# Before Adding Gemma 4 to MonkeyCode, Run a Model Capability Contract

> Source: <https://dev.to/kongkong1/before-adding-gemma-4-to-monkeycode-run-a-model-capability-contract-4d07>
> Published: 2026-07-14 04:22:25+00:00

Gemma 4 is arriving in model catalogs with an unusually broad capability surface. Google's [official overview](https://ai.google.dev/gemma/docs/core), last updated July 8, 2026, lists five sizes, text and image input across the family, audio on selected variants, native system-role support, and 128K or 256K context windows depending on model size.

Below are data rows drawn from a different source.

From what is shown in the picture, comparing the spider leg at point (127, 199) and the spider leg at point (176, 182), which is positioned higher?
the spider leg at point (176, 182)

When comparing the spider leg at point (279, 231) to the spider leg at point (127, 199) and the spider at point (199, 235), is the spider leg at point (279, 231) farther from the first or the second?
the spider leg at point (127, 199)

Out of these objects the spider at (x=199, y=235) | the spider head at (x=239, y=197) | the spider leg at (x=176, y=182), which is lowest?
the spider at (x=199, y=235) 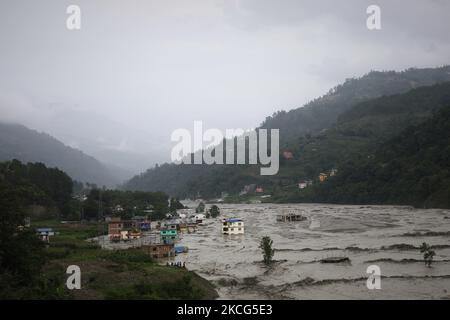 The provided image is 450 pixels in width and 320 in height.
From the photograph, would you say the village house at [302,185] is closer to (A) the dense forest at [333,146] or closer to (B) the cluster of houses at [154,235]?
(A) the dense forest at [333,146]

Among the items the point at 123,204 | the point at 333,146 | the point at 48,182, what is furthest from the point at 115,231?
the point at 333,146

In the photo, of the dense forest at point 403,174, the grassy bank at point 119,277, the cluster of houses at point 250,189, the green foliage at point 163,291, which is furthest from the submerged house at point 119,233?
the cluster of houses at point 250,189

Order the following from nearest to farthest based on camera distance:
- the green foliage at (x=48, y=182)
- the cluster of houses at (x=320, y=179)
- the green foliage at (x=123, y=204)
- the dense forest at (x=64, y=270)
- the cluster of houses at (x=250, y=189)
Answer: the dense forest at (x=64, y=270) < the green foliage at (x=48, y=182) < the green foliage at (x=123, y=204) < the cluster of houses at (x=320, y=179) < the cluster of houses at (x=250, y=189)

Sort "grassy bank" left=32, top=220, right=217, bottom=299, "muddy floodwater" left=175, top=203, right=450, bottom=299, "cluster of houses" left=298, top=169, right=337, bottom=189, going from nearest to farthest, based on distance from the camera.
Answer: "grassy bank" left=32, top=220, right=217, bottom=299
"muddy floodwater" left=175, top=203, right=450, bottom=299
"cluster of houses" left=298, top=169, right=337, bottom=189

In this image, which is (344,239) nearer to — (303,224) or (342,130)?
(303,224)

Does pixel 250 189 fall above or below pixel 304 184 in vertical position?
below

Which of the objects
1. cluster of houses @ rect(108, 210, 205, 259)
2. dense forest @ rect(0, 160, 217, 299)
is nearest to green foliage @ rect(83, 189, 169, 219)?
cluster of houses @ rect(108, 210, 205, 259)

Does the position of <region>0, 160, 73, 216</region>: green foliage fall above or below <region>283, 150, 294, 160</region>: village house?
below

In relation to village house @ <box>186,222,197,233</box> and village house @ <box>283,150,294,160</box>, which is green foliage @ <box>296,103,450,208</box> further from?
village house @ <box>186,222,197,233</box>

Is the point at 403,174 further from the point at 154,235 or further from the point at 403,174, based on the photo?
the point at 154,235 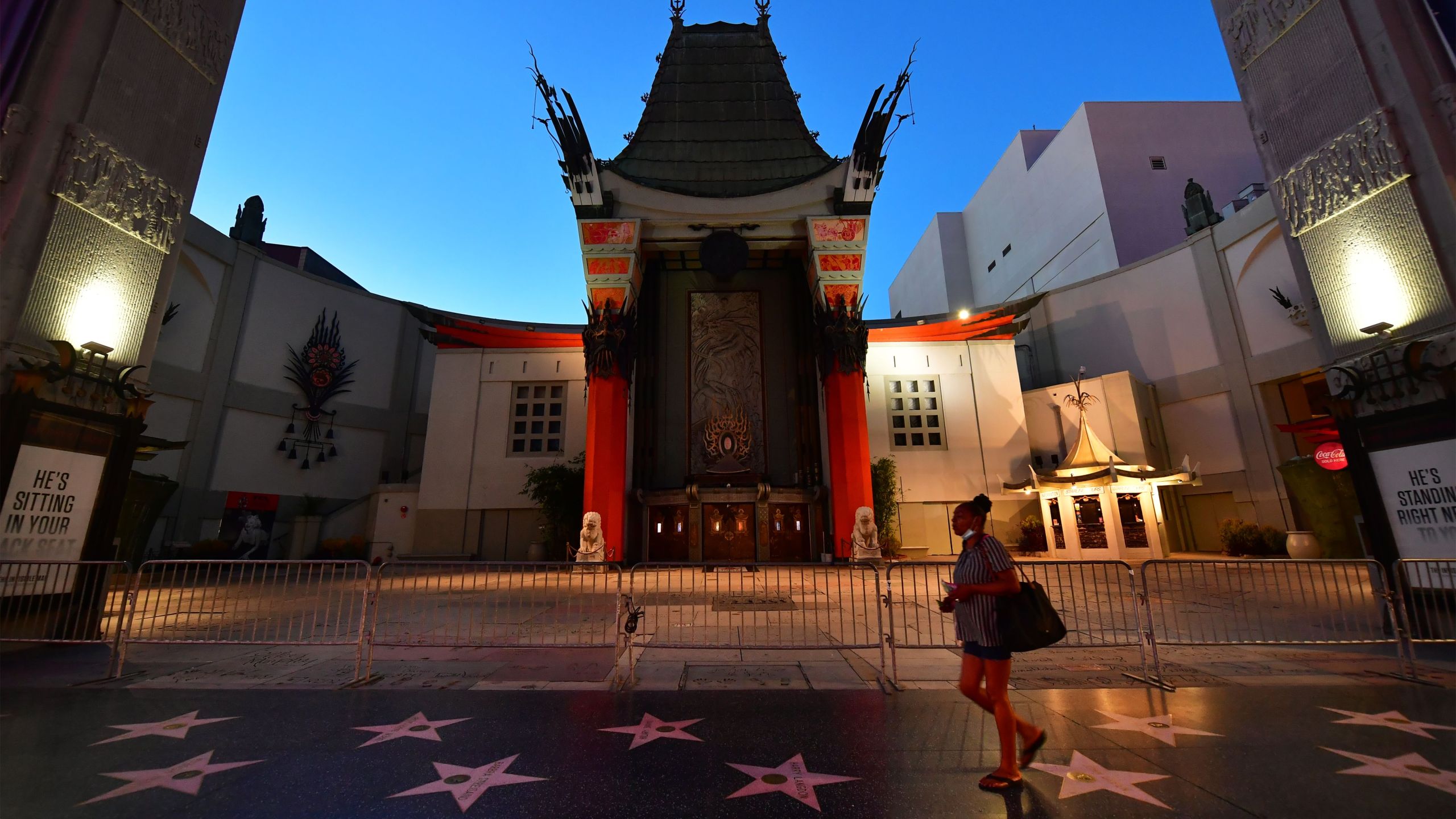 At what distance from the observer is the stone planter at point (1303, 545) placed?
16.3 meters

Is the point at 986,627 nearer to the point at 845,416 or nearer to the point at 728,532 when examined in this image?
the point at 845,416

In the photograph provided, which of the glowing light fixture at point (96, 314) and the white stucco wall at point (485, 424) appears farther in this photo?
the white stucco wall at point (485, 424)

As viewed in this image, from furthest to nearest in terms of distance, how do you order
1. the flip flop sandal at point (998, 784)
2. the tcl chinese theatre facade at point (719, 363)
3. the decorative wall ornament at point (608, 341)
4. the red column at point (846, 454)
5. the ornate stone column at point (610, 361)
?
the tcl chinese theatre facade at point (719, 363)
the decorative wall ornament at point (608, 341)
the red column at point (846, 454)
the ornate stone column at point (610, 361)
the flip flop sandal at point (998, 784)

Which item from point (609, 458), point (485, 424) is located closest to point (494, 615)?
point (609, 458)

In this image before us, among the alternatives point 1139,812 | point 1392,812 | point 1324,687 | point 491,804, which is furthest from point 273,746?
point 1324,687

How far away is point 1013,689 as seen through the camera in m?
4.91

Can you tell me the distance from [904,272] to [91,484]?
155 feet

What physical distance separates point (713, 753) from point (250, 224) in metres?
28.5

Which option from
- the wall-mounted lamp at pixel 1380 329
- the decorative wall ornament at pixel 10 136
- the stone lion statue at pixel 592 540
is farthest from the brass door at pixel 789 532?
the decorative wall ornament at pixel 10 136

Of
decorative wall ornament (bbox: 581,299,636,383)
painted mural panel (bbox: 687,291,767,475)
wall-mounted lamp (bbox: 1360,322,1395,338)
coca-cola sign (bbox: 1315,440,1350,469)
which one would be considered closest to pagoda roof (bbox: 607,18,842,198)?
painted mural panel (bbox: 687,291,767,475)

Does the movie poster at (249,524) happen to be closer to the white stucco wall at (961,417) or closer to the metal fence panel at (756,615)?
the metal fence panel at (756,615)

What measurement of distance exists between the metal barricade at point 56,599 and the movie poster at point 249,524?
52.3 ft

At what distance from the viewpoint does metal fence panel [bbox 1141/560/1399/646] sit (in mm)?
5527

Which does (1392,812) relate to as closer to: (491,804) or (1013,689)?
(1013,689) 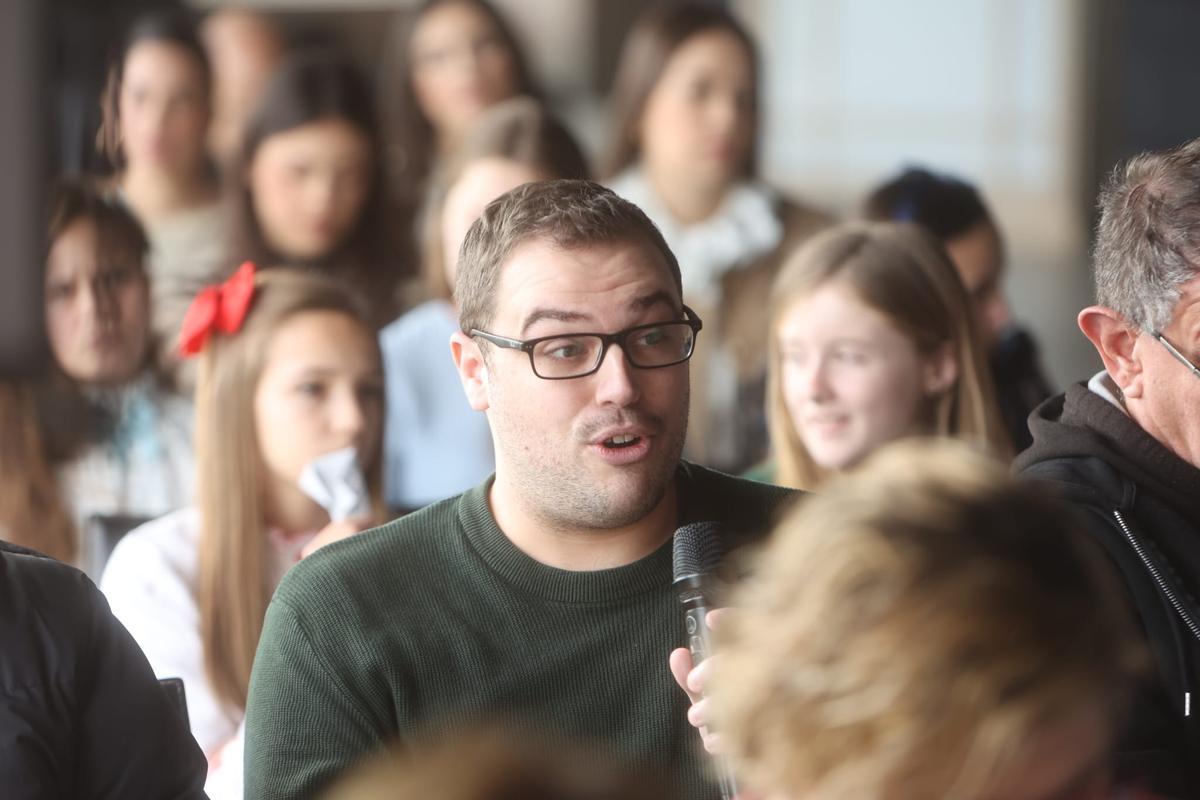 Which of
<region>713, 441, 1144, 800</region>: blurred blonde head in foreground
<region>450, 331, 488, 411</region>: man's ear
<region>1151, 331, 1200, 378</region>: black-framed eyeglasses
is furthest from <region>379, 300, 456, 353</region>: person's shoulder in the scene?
<region>713, 441, 1144, 800</region>: blurred blonde head in foreground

Those are model-family properties. They do **not** prove that a particular hosted endpoint, quantization, API adapter, or AI coding platform exposes every property correctly.

That distinction matters when adding a model to [MonkeyCode](https://github.com/chaitin/MonkeyCode), an AGPL-3.0 open-source AI development platform for teams. Its public repository describes managed server-side development environments, AI model and task management, project requirements, online use, native mobile clients, and private deployment.

This article reviews MonkeyCode at commit [ c58bcd4](https://github.com/chaitin/MonkeyCode/tree/c58bcd4dd4b7031f469a1271f276d22550b8f523) and builds the missing second gate: a reusable model capability contract.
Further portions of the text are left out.